補助支持車輪・案内車輪
出典: フリー百科事典『ウィキペディア(Wikipedia)』 (2022/04/07 04:59 UTC 版)
「超電導リニア」の記事における「補助支持車輪・案内車輪」の解説
超電導リニアで採用されている誘導反発方式の欠点として、車両が低速時には十分な磁気浮上力が得られないこと、また磁気抗力を回避するため低速域では敢えて車輪走行することは既に説明した。このため低速時(約150 km/h以下)の走行速度の時には補助支持車輪と案内車輪を出して走行を行う。車輪にはラジアル構造のゴムタイヤが使用されている。補助車輪は十分な磁気浮上力が得られた時(約150 km/h以上)、車両本体内に格納される。車輪の支持脚は、ダンパ機能を持ち、また非磁性で軽量・強度のあるチタン合金などが使用されている。さらには補助車輪のバックアップとして外接輪と呼ばれるアルミディスクが備え付けられている。 構造として、航空機とは「浮上する」という共通点において、近年の降着装置(ランディングギア)に近しい点が伺える。浮上時に、車両を支持するゴムタイヤが車両(航空機であれば機体)に格納され、逆に浮力低下時にはゴムタイヤを出す点、ブレーキ種の1つとして、ディスクブレーキが用いられている点、車両(機体)との支持にダンパ機能が用いられている点などが挙げられるが、「超電導リニア」と「航空機」とでは、軌道の有無等から生ずる差異も存在する。
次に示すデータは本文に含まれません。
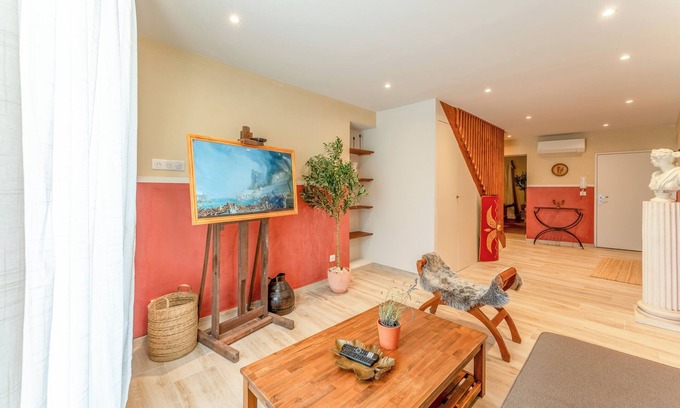 Orange Apartment | Apartment "L'Escale Romaine" in the center of Orange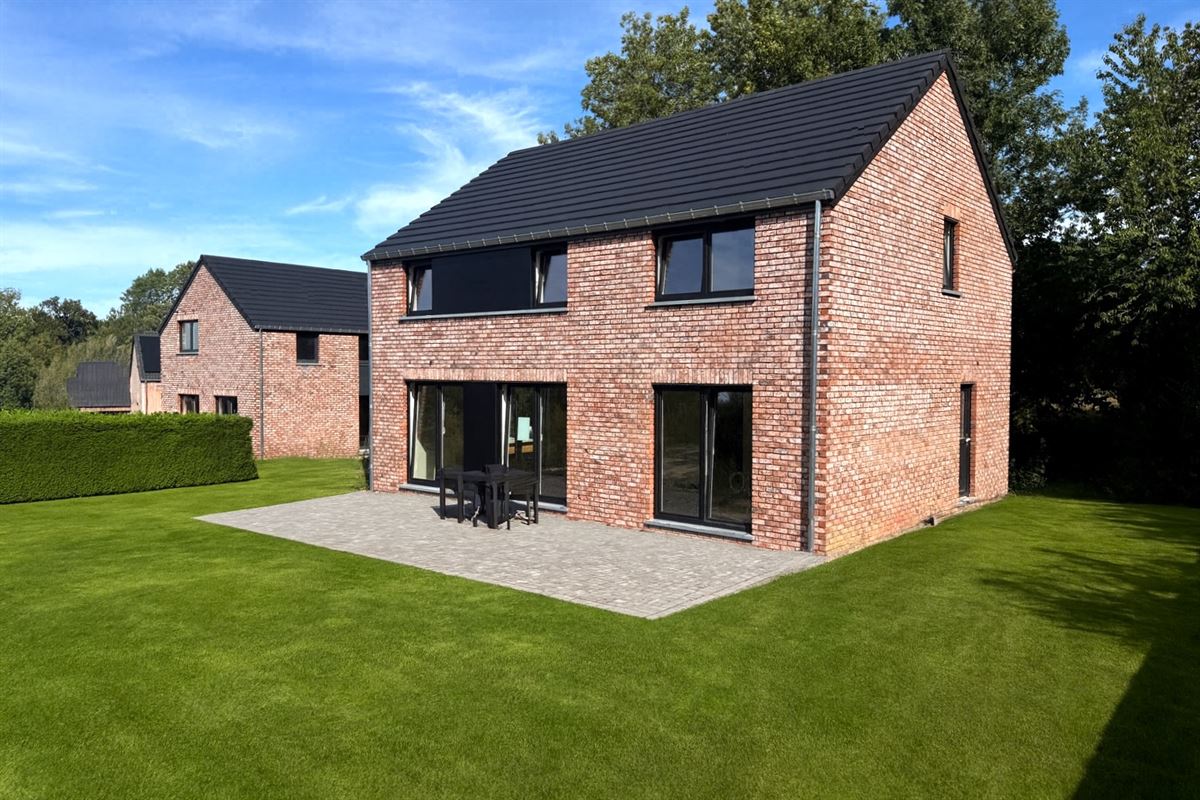 LOT 2 - Maison 4façades neuve - éco-intelligente!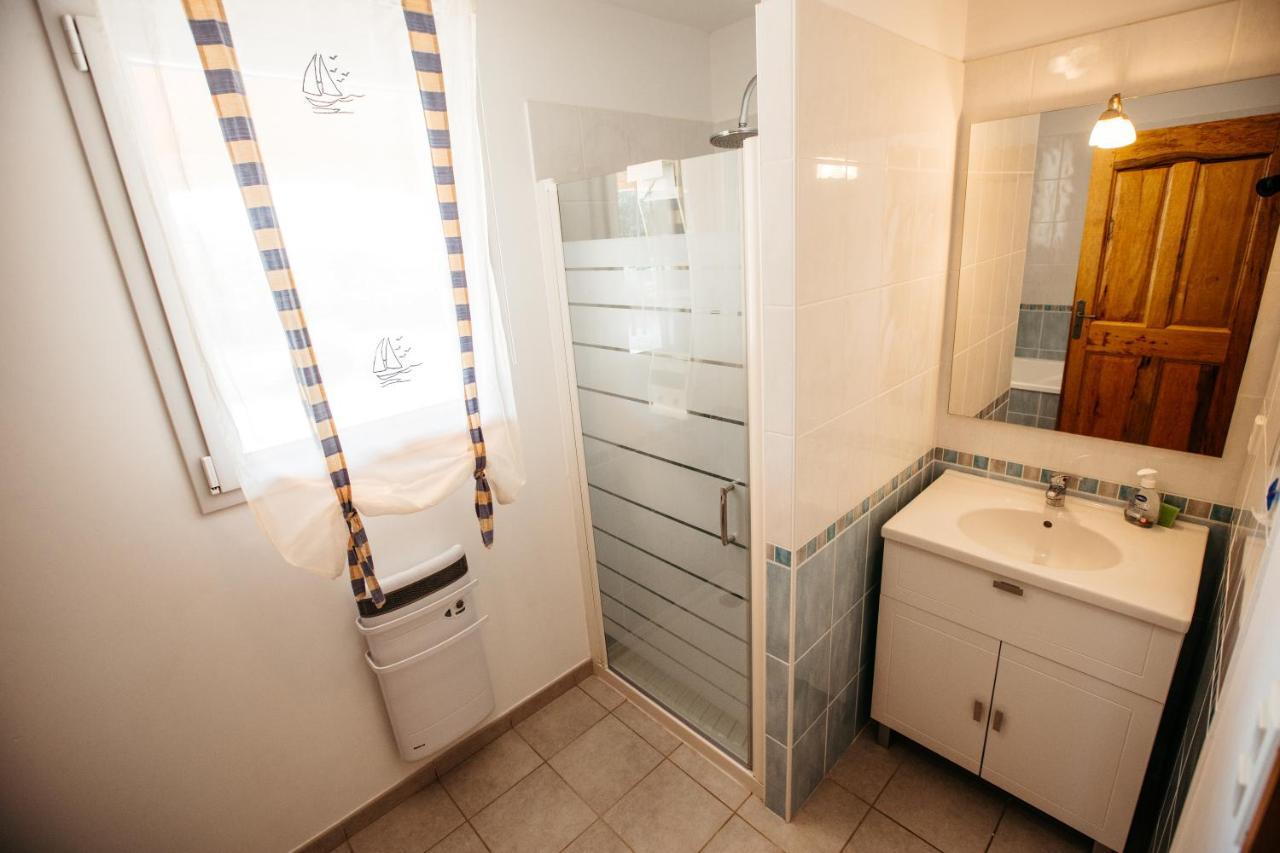 Les Villas De Perret Joyeuse Bagian luar foto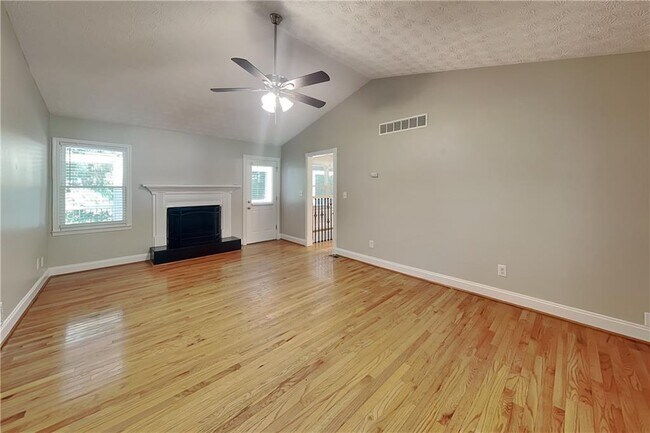 Building Photo - 804 Oak Trce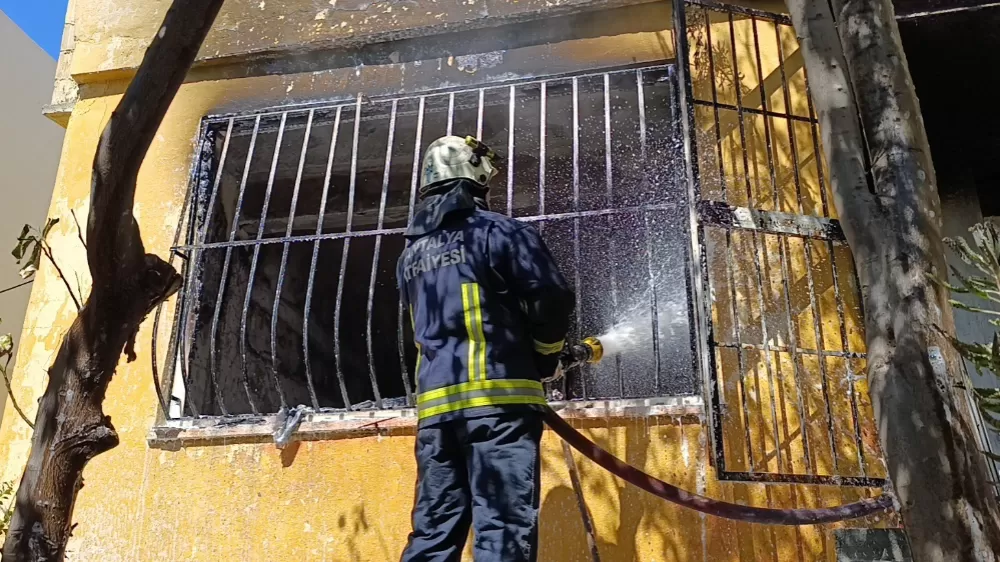 Manavgat'ta 2 katlı evde çıkan yangın paniğe neden oldu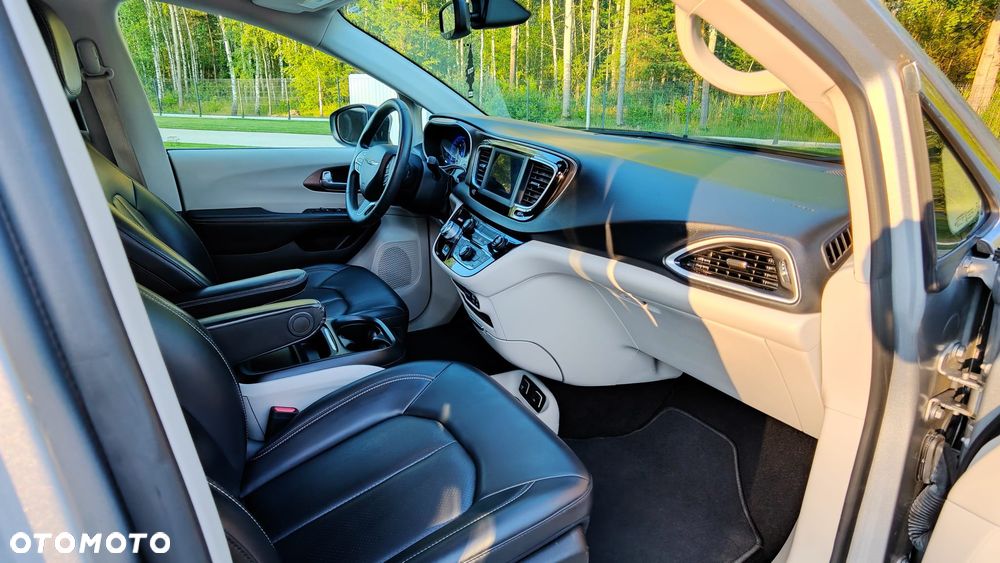 Chrysler Voyager - 12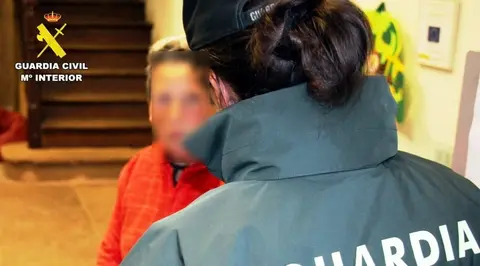 La mujer tiene 65 a&ntilde;os y camin&oacute; por una carretera entre Los Corrales de Buelna y Arenas de Igu&ntilde;a.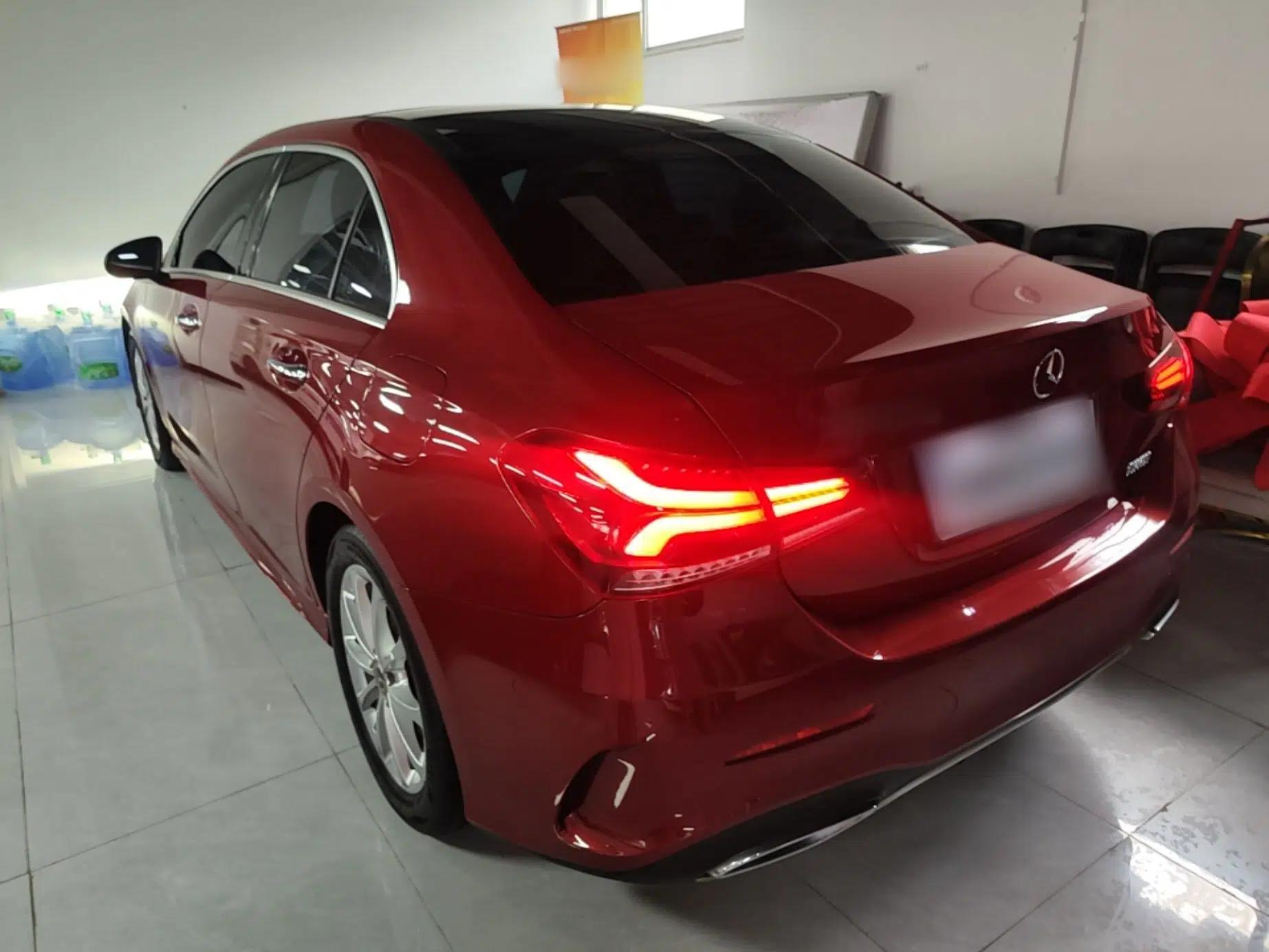 Mercedes-Benz A-Class 2022 A 200 L Sport Sedan Dynamic Model — миниатюра 4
例えば、リニア車両における接地面は、(外接輪を除けば)専らゴムタイヤに限定される点(航空機の降着装置の接地面はゴムタイヤだけでなく、フロートや、スキッドと呼ばれる橇状の金属製枠組みの場合もある)、同じ様に囚われがちなゴムタイヤでも、単に「耐久性がある」という言葉の意味は、「重量」に対する耐久性か、「速度」に対する耐久性か(一般的な旅客機の着陸時速度はおよそ400 - 350 km/h以下なのに対し、超電導リニアは非常時500 km/h以上の最高営業速度に耐える必要がある)という差異があるため、タイヤ材料・製造方等に完全な同一性はなく、別種のタイヤを装着することになる。具体的に超電導リニアでは、高速走行中の磁気浮上力の消失に備え、550 km/hで走行中の状態から着地できる性能を持っており、ブリヂストンが戦闘機のタイヤを基に開発したという。